Chairman Steve Bough has admitted Maidenhead RFC’s finances this year ‘don’t look too healthy’, but he says that financial prudence over the years and a support grant from Government means the club should be ok in the long term.

The club can just about swallow up the loss of between £35,000 and £50,000 this year and thankfully don’t have the problems of contracted players to contend with like many football clubs.

Money that’s been ‘whittled away’ over the years should tide them over for a period, while the club have been reopening the bar for senior/youth training and the recent ‘ready for rugby’ touch tournaments which is supplementing the coffers. Bough added that a hospitality grant for £25,000 received from Government last year had ‘been a life saver’.

“The finances this year obviously don’t look very healthy,” said Bough. “We’ve put a budget together running from September to August and it’s a bit of a guess-timation. We’ve put a worst-case scenario in, and our big hit has been the Saturday afternoon bar time.

“That pays for all the other bits and, if we’re lucky gives us a bit of profit but we’ll be looking at a loss this year of somewhere between £35,000 and £50,000. It’s somewhere on that scale when you don’t have the bar open and can’t rent out the club as much.

“Our members have been fantastic. We’ve delayed membership until the end of September, but we’ve said that we need them, and many have been coming forward to pay them early. People are also coming out of the woodwork to pay them. The cost of supplying new balls, ball sanitisers, PPE equipment, it all adds up, but we’ve said we’ll keep doing that until it’s not the norm anymore.

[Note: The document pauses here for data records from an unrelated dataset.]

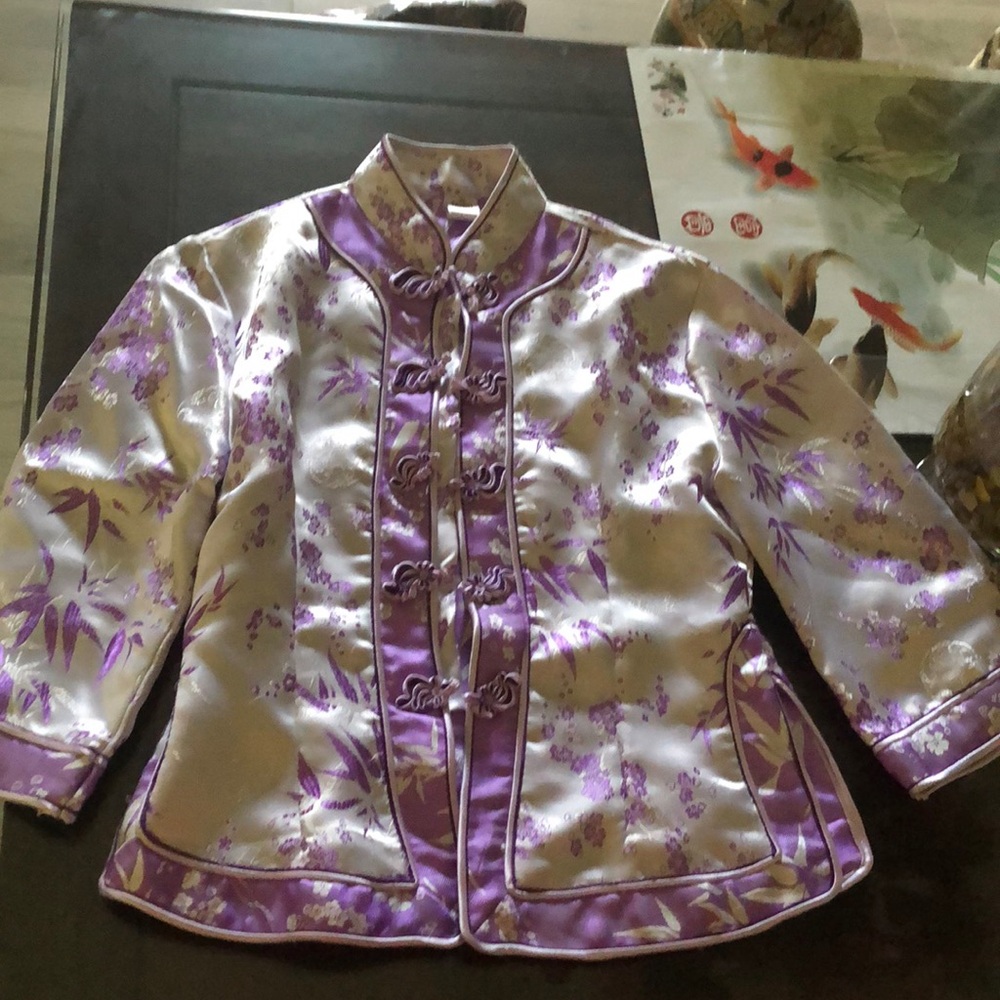 Vintage wear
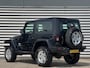 Jeep Wrangler 2.8 CRD 200PK Sport Handgeschakeld | Lier 13000 lbs (6.5 t) | Airco | Trekhaak | JW Speaker LED koplampen | Soft top | Winterbanden set | NL Auto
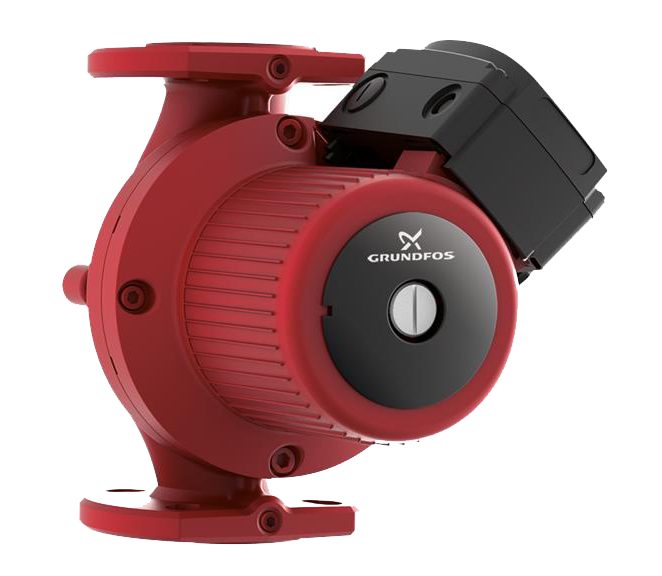Насос UPS50-120 F 3x400-415V Grundfos 96402103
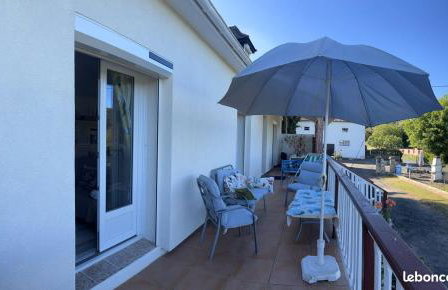 gite la caleche - Photo 33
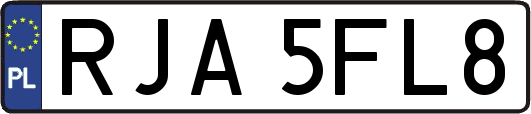 RJA5FL8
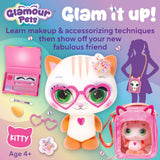 Creativity For Kids Glamour Pets - Kitty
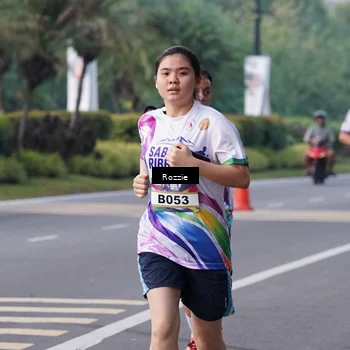 Runner Photo 6454380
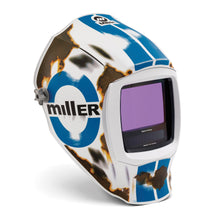 Load image into Gallery viewer, Miller Digital Infinity™, Clear Lens Technology - Welding Helmet Variable Shades 5 - 13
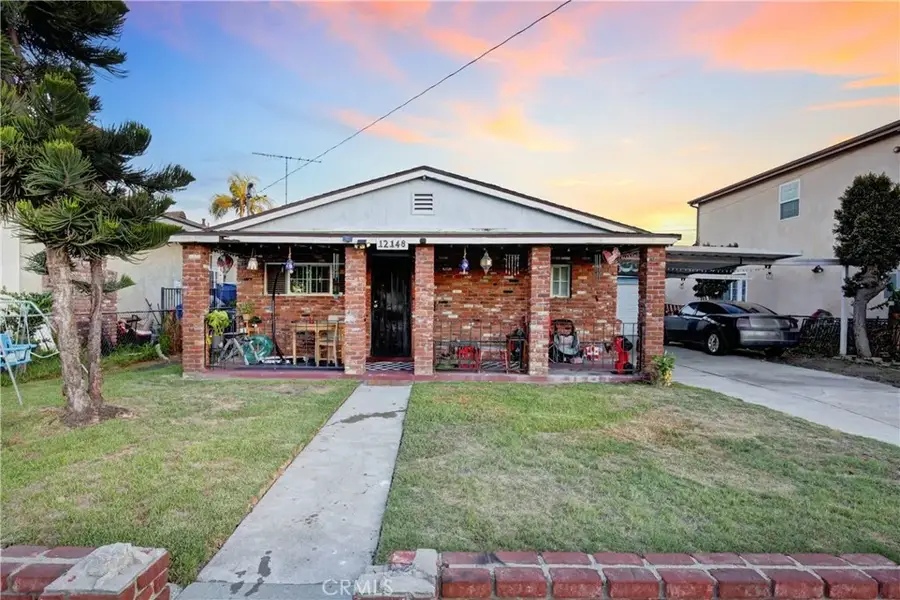 12148 Marbel Avenue, Downey, CA 90242 - Image #2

“Yes, it’s going to be painful, but we’ve whittled away little bits of money so we can survive this. Not for several seasons, however. We’ve been getting £500 across the bar when normally we’d be taking £2,000-5,000, but those little bits add up if we do it regularly. We’ve introduced table service. You sit at your table and order from a QR code and its waiter/waitress service. The stand is also segmented. With the staffing and the beer costs it’s not solving the overall financial pain, but it’s about the social involvement. We’re ok, we’re sensibly run, and everyone is on side. It’s not all doom and gloom.”

Bough’s hopeful the club will be able to avoid the financial hardship that might affect other clubs, possibly further up the pyramid.

“I think that’s likely for some clubs,” he said. “But we don’t have the expensive player contracts. If the players don’t have any matches, they won’t get paid. We’re not like the football clubs who have contracted players. When we went into lockdown we applied for and received the hospitality grant which was a life saver last season. It gave us some profit to move into this year and covered a lot of the costs.

“That was £25,000 from the Government and that was a saving grace which meant last year wasn’t so horrible.

“Will we get anymore? I don’t know to be honest. The Berkshire Executive have also been good. They’ve allocated more than a thousand pounds per club. But just let us get back to playing rugby and we’ll be fine.”